Anonymous wrote:
Anonymous wrote:Did anyone else catch the weird paragraphs where she essentially says she wants to be transgender? Just me?
Its not weird at all- I was also a daughter when my parents very much wanted a boy and the thing is- my parents tried to hide it. They loved me and they were wonderful parents but not having boy to raise was a life long sorrow to both. I was a tomboy as a kid and had horrible peter pan syndrome- my dad loved kids and he loved taking me everywhere and i was terrifiedof puberty and the changes that would make me not a little kid anymore- i didn't want a period, or feminine curves and i wanted the freedom that came from being a boy. b/c i was well aware of the way that girl were treated in the world and how that would make my personal journey through life more difficult and being male would make my journey easier. If i'd known then what teens know now- i might also have told my parents that i was really a boy inside and at least have stopped my period and growth of curves/ removed breasts etc. It took going to college, the adjustment of hormones, just being comfortable in the female body and learning to love it and its beauty plus personal accomplishments etc etc to make me really find the joy that I now do in my female body. So yes what she is saying is real- many many girls, especially girls who uncomfortable with being feminine would choose this. I to this day hate frills and feel best in modest androgynous clothing b/c its cool to me and i find it insulting to say that I'm less of a woman b/c i always wear pjs and pants and find jewelry and make up to be annoying unless its a special occasion. Anyways yes- i think that its true that mysogyny is such and teh fear of the consequences of being a fully matured female human are enough to lead some people who are born in a way that would make it the natural progression embrace a way to stop that progression- and if its born of the fear of the poor treatment of females in our society it should be addressed, and if it is a personal fear of being something they don't want to be, feel comfortable being, then that is a genuine case and regardless we should be supportive.

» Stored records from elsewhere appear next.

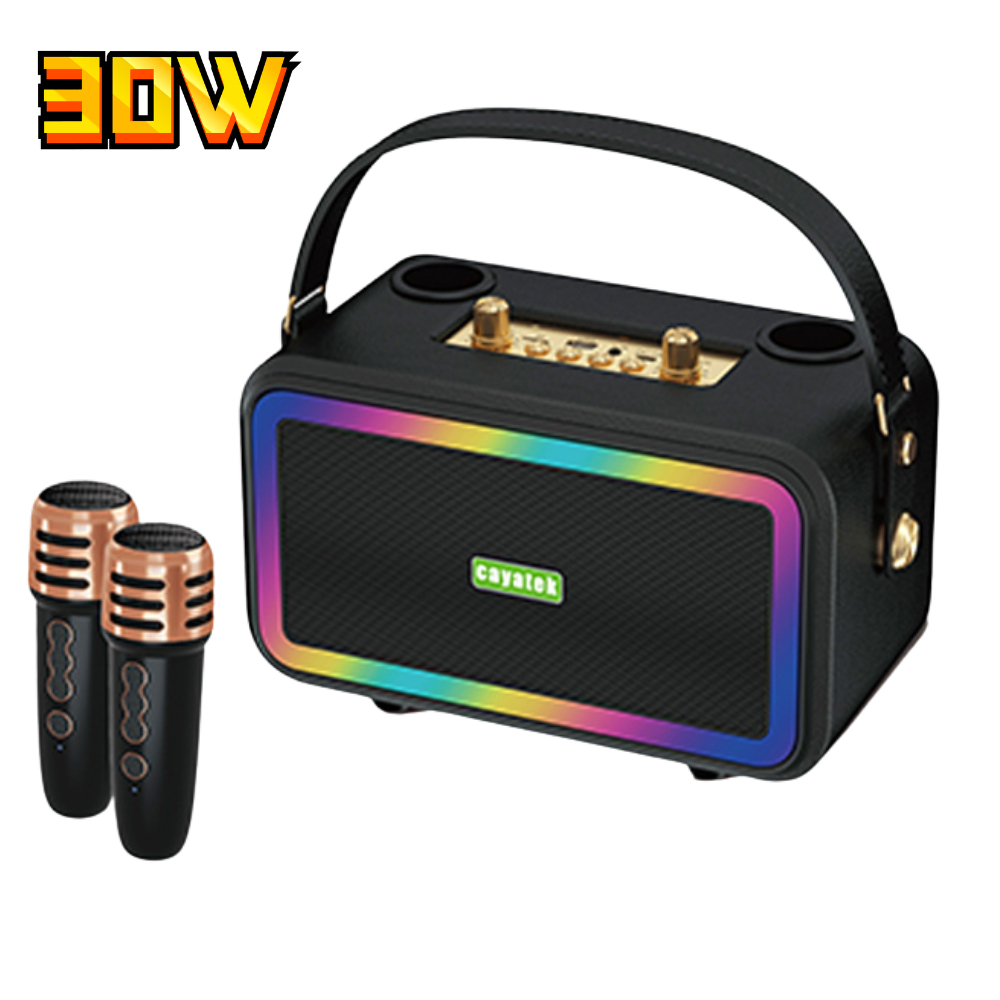 Caixa De Som Função Karaokê 30w Com 2 Microfones Sem Fio Portátil Conexão Bluetooth Amplificado Usb C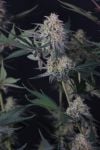 Instagram Lemon Tree Auto™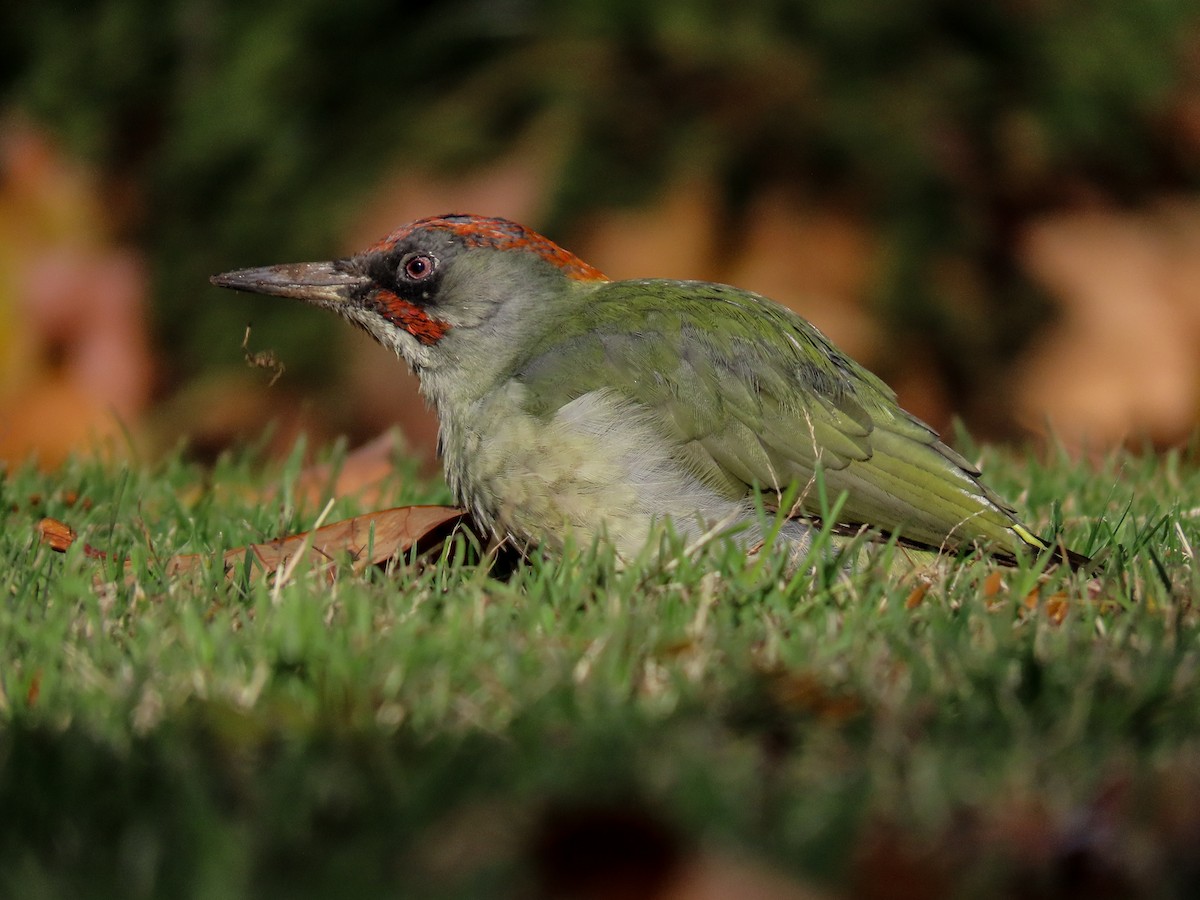 Iberian Green Woodpecker - ML645859671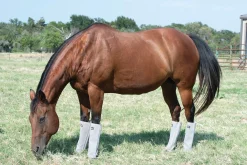 Cashel® Leg Guards - Set of 4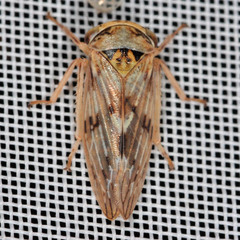 Rhytidodus decimusquartus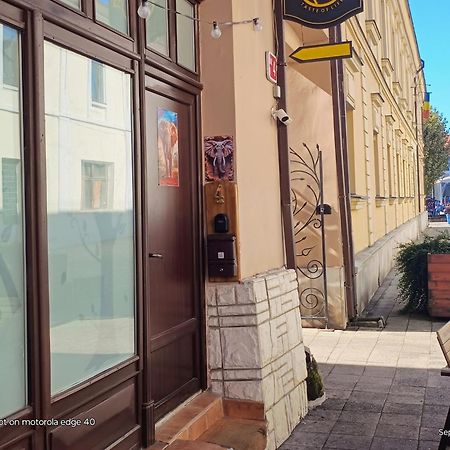Ferienwohnung Elefant Baia Mare Exterior foto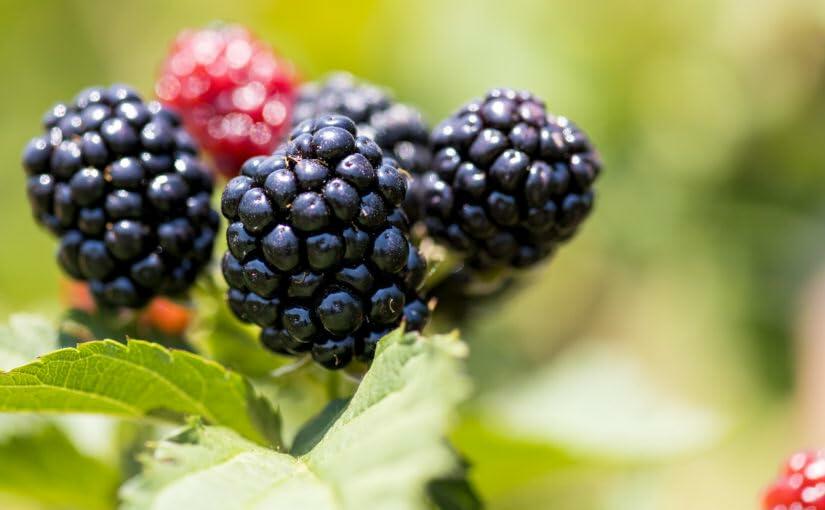 PLANT NOOK Ponca Thornless BlackBerry Live Plant Starter Plug 2-Pack | Erect High Yield Berry Bush with Exceptional Sweetness | Home Orchard Fruit Plant | Full Sun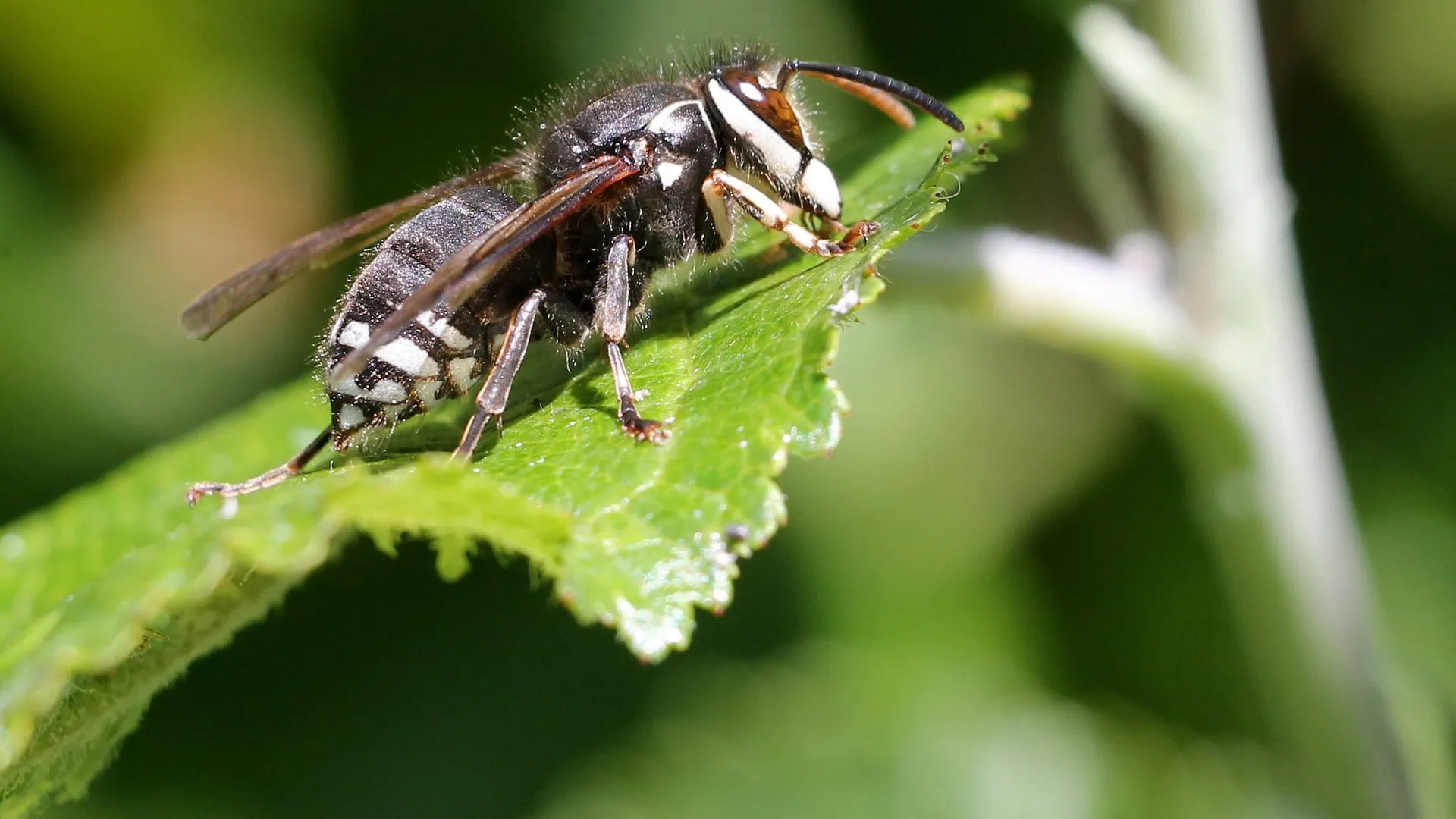 Bald faced hornet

the 'privilege' of being male is even more pronounced than the 'privilege' of being white in american culture- why wouldn't a kid who's still on the other side just throw in the towel and be like nope- i don't want to turn into the 'less than thing' and women are 80 cent on the dollar less than men in america. I'm asian and i know so many asians who'd rather just be white b/c it would make life easier even though they love their culture and even their features but the ease of not having to be asian in america would make that worth it. The ease of not being female in america might make transitioning worth it. That is the issue.